Вот это первое усилие, направленное на то, чтобы прийти к вечно истинному опыту. Разделенность сущих вечно истинна, ибо эти нередуцируемые реальности представляют собой стадию человеческого опыта.
Но вот и второй момент мысли Розенцвейга: эта изоляция не составляет мира нашего конкретного опыта, ибо в нашем опыте Бог, Мир и Человек не разъединены, а связаны. Связаны не теорией, которая панорамно охватывала бы их за счет редукции. Это и есть, на мой взгляд, самое существенное: тот способ, каким в общем домостроительстве бытия может происходить соединение нередуцируемых и абсолютно разнородных элементов — соединение того, что не могло бы соединиться: жизни и времени.
Вместо тотализации элементов, происходящей под синоптическим взглядом философа, Розенцвейг обнаруживает начальный момент самого времени, хода жизни. Речь идет о той жизни, которая наступает после книги. Тотализация совершается не взглядом философа, а самими сущими, которые тотализируют, объединяют себя. Осуществившись — в качестве времени, — это объединение конституирует изначальный факт религии. Прежде чем стать исповеданием, религия есть сама пульсация жизни, где Бог вступает в отношение с человеком, а человек — с миром. Религия как ткань бытия, предшествующая тотальности философов.
В жизни, где религия предшествует философии и разуму и одновременно следует за ними, сам разум предстает в качестве момента жизни. Я настаиваю: это единство — не формальное соединение Бога, Человека и Мира, совершаемое — под взглядом, который складывает, вычитая — синтетическим мышлением философа, внеположным соединяющимся элементам. Единство — в том смысле, что, если поместиться в самих этих элементах, они существуют друг для друга. Такое единство есть единство жизни. Отношения между элементами — это осуществленные отношения, а не спецификации отношения вообще.
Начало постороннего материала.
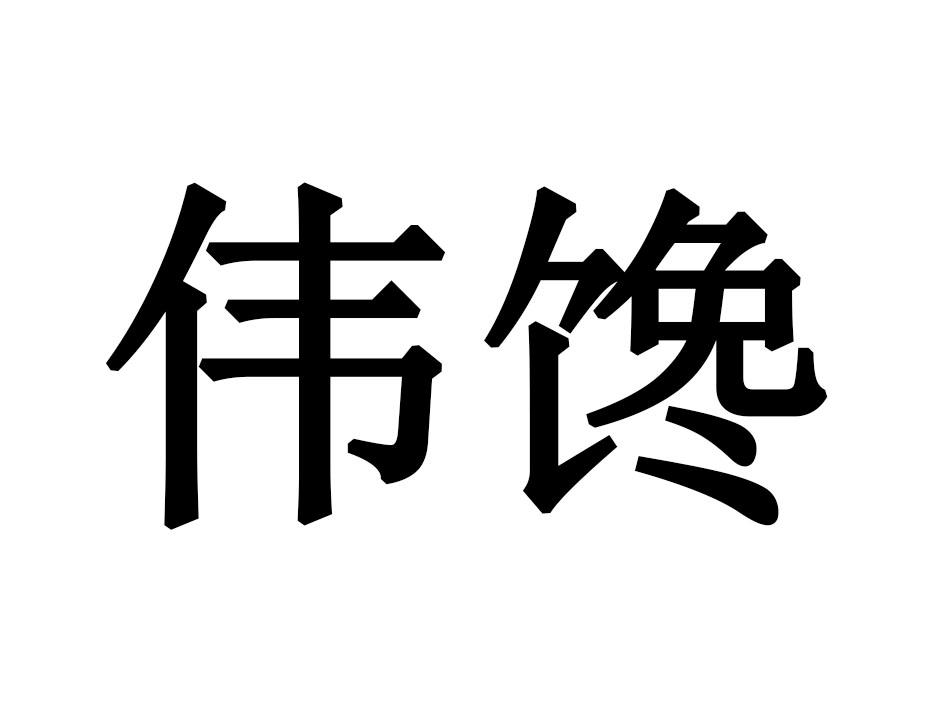 伟馋
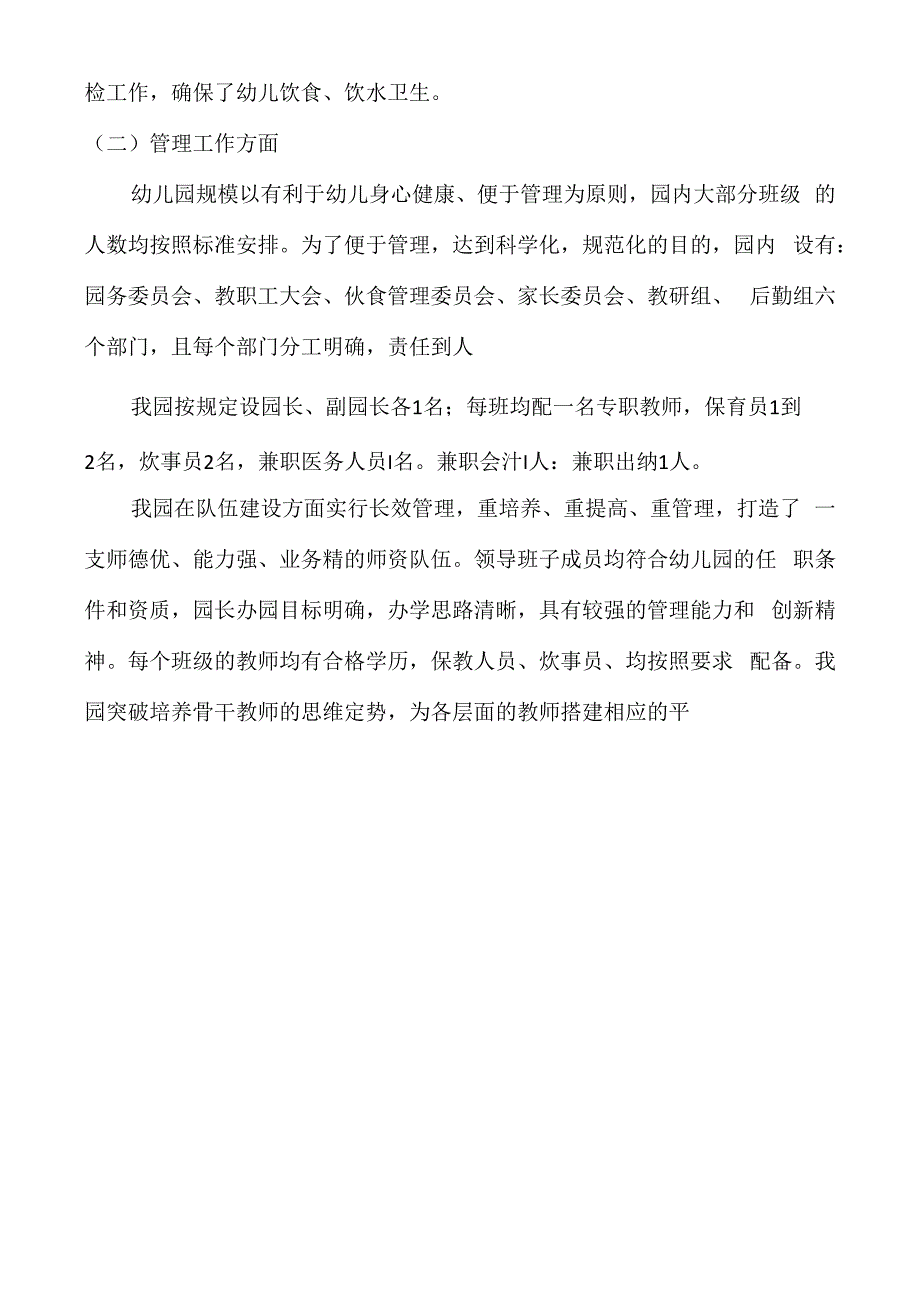 幼儿园综合督导评估自查自评报告_第3页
Это не спецификации некоторой категории. Каждое отношение нередуцируемо, уникально, оригинально. И это — еще один пример деформализации понятий, характерной для современной философии в целом.
Связь, соединяющая Бога и Мир, не может мыслиться как спецификация союза «и». Она есть творение. Союз в данном случае есть творение. Если рассуждать в том же духе, то отношение между Богом и Человеком есть откровение, а отношение между Человеком и Миром (но уже постольку, поскольку сам человек определяется откровением, а мир — творением) есть искупление.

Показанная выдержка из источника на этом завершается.